What’s behind the fall?

That’s quite a question, and it’s not a simple one to answer. One of the factors that is easy to overlook, amid debates about the economic and political climate, is an altogether more mundane fact: there are simply fewer British 18-year-olds now than there have been in the last few years, and than there will be again in a few years’ time! The reasons for this are complex too, but the number of babies born in any given year varies more than you might think, and the late nineties and early 2000s saw a steady decrease in birth rates followed by a rapid – and mysterious – rise in the first decade of this century.

But lean childbearing years aren’t solely to blame – and Brexit inevitably comes to the fore once you dig into the economic and political contexts. In particular, one stat that leaps out of the figures for 2017 applications is the 5% year-on-year drop in EU applicants to study in the UK. The causal relationship between Brexit – and the continuing uncertainty about EU citizens’ rights once the UK leaves the EU – is pretty obvious and straightforward here. But as we’ve reported on a number of occasions, enthusiasm for UK degree courses among non-EU international students remains apparently undimmed. The increase in non-EU applicants in 2017 outweighed the decrease in applicants from the EU, meaning 2017’s overall figures specifically for non-UK applicants increased.

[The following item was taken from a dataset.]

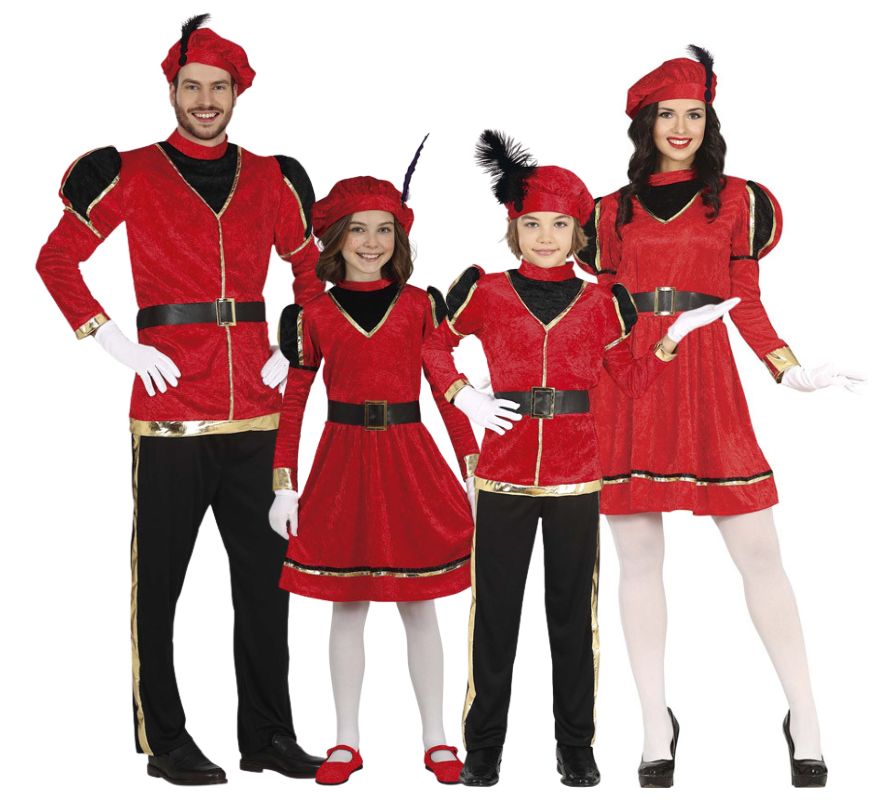 Groupe de pages élégants en rouge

Crisis in recruitment for nursing and teacher training programmes

But this is only part of the story. While the numbers of applications may have fallen across the board, it’s difficult to understand this fall if you only look at overall trends. What’s more alarming are the collapses in applications that are been seen in specific disciplines – especially nursing and teaching. The dramatic fall in applications to nursing programmes is arguably the greatest and most immediate cause for concern, amid an NHS crisis that sees 10% of nurses leaving the profession annually. The abolition of NHS bursaries in 2017 is of course a major contributing factor in the drop in applications, but universities also attribute it to falling morale, pay, and working conditions in the NHS itself.

Prospective employment conditions after training – along with concerns that pay post-graduation will be insufficient to service the volume of debt acquired while obtaining the necessary qualification – may also be a factor in the even more dramatic fall in applications to postgraduate teacher training programmes, with a staggering 33% fall reported in a single year between 2016 and 2017. While a range of incentives – including starting bonuses when teachers start their first jobs to bursaries targeted at certain high-need subject areas – have been offered in an attempt to reverse the downward trend, The Times reports that starting salaries and better working conditions are luring an increasing number of prospective teachers to the private sector.

The cases of nursing and teaching demonstrate the degree to which Higher Education in the UK – for all that universities increasingly take a proactive role in marketing and recruitment – is a hostage to fortune. It’s not only macroeconomic conditions that shape the enthusiasm of prospective students to take on the workload and financial burden of a degree or postgraduate course. Very often, especially for traditionally vocational subjects, young people are looking at their prospect of happiness and prosperity in jobs that lie at the end of the course. And increasingly, these young people simply aren't convinced that this is what they'll get. It's an unfortunate circumstance for Higher Education as a whole, but especially for universities that specialise in dedicated, career-focused training programmes.